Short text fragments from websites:
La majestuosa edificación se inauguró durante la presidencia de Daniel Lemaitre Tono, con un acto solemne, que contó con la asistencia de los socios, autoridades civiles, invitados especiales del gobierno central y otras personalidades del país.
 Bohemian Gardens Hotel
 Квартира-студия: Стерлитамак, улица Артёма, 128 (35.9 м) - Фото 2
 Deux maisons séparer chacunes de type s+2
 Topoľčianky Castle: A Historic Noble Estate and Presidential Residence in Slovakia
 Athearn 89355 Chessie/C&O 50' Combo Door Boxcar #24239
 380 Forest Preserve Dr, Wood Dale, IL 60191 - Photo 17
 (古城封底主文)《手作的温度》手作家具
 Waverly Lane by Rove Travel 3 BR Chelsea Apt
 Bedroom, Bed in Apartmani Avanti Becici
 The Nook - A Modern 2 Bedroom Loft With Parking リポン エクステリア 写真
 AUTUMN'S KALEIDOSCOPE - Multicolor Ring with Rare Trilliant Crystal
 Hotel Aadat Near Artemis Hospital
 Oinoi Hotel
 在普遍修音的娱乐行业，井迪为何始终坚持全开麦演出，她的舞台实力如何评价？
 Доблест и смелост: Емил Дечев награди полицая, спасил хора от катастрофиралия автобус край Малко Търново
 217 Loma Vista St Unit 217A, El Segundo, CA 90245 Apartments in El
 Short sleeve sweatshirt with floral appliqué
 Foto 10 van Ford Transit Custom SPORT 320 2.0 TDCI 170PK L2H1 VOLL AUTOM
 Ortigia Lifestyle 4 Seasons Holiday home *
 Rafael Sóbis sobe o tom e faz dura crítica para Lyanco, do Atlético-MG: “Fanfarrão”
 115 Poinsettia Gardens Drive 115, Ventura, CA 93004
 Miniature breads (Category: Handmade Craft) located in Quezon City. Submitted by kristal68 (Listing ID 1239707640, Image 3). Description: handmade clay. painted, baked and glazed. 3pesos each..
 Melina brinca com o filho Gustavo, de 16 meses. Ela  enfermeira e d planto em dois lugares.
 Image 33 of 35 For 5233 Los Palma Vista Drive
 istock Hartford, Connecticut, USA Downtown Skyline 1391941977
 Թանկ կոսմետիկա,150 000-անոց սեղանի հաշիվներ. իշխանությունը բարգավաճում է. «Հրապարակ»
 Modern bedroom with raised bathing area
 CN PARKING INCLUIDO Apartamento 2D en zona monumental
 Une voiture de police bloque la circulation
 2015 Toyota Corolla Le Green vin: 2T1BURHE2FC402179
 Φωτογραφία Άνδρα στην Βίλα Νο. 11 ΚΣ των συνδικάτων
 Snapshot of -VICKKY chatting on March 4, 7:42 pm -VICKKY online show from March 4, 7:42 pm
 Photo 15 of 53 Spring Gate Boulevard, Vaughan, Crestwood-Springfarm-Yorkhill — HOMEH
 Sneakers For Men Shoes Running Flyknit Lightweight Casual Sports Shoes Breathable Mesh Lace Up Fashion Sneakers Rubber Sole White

__To do__.
Proceeding from the line containing "Topoľčianky Castle: A" through the line containing "Snapshot of -VICKKY", transcribe the lines above exactly, both end lines included.

__Written response__.
 Topoľčianky Castle: A Historic Noble Estate and Presidential Residence in Slovakia
 Athearn 89355 Chessie/C&O 50' Combo Door Boxcar #24239
 380 Forest Preserve Dr, Wood Dale, IL 60191 - Photo 17
 (古城封底主文)《手作的温度》手作家具
 Waverly Lane by Rove Travel 3 BR Chelsea Apt
 Bedroom, Bed in Apartmani Avanti Becici
 The Nook - A Modern 2 Bedroom Loft With Parking リポン エクステリア 写真
 AUTUMN'S KALEIDOSCOPE - Multicolor Ring with Rare Trilliant Crystal
 Hotel Aadat Near Artemis Hospital
 Oinoi Hotel
 在普遍修音的娱乐行业，井迪为何始终坚持全开麦演出，她的舞台实力如何评价？
 Доблест и смелост: Емил Дечев награди полицая, спасил хора от катастрофиралия автобус край Малко Търново
 217 Loma Vista St Unit 217A, El Segundo, CA 90245 Apartments in El
 Short sleeve sweatshirt with floral appliqué
 Foto 10 van Ford Transit Custom SPORT 320 2.0 TDCI 170PK L2H1 VOLL AUTOM
 Ortigia Lifestyle 4 Seasons Holiday home *
 Rafael Sóbis sobe o tom e faz dura crítica para Lyanco, do Atlético-MG: “Fanfarrão”
 115 Poinsettia Gardens Drive 115, Ventura, CA 93004
 Miniature breads (Category: Handmade Craft) located in Quezon City. Submitted by kristal68 (Listing ID 1239707640, Image 3). Description: handmade clay. painted, baked and glazed. 3pesos each..
 Melina brinca com o filho Gustavo, de 16 meses. Ela  enfermeira e d planto em dois lugares.
 Image 33 of 35 For 5233 Los Palma Vista Drive
 istock Hartford, Connecticut, USA Downtown Skyline 1391941977
 Թանկ կոսմետիկա,150 000-անոց սեղանի հաշիվներ. իշխանությունը բարգավաճում է. «Հրապարակ»
 Modern bedroom with raised bathing area
 CN PARKING INCLUIDO Apartamento 2D en zona monumental
 Une voiture de police bloque la circulation
 2015 Toyota Corolla Le Green vin: 2T1BURHE2FC402179
 Φωτογραφία Άνδρα στην Βίλα Νο. 11 ΚΣ των συνδικάτων
 Snapshot of -VICKKY chatting on March 4, 7:42 pm -VICKKY online show from March 4, 7:42 pm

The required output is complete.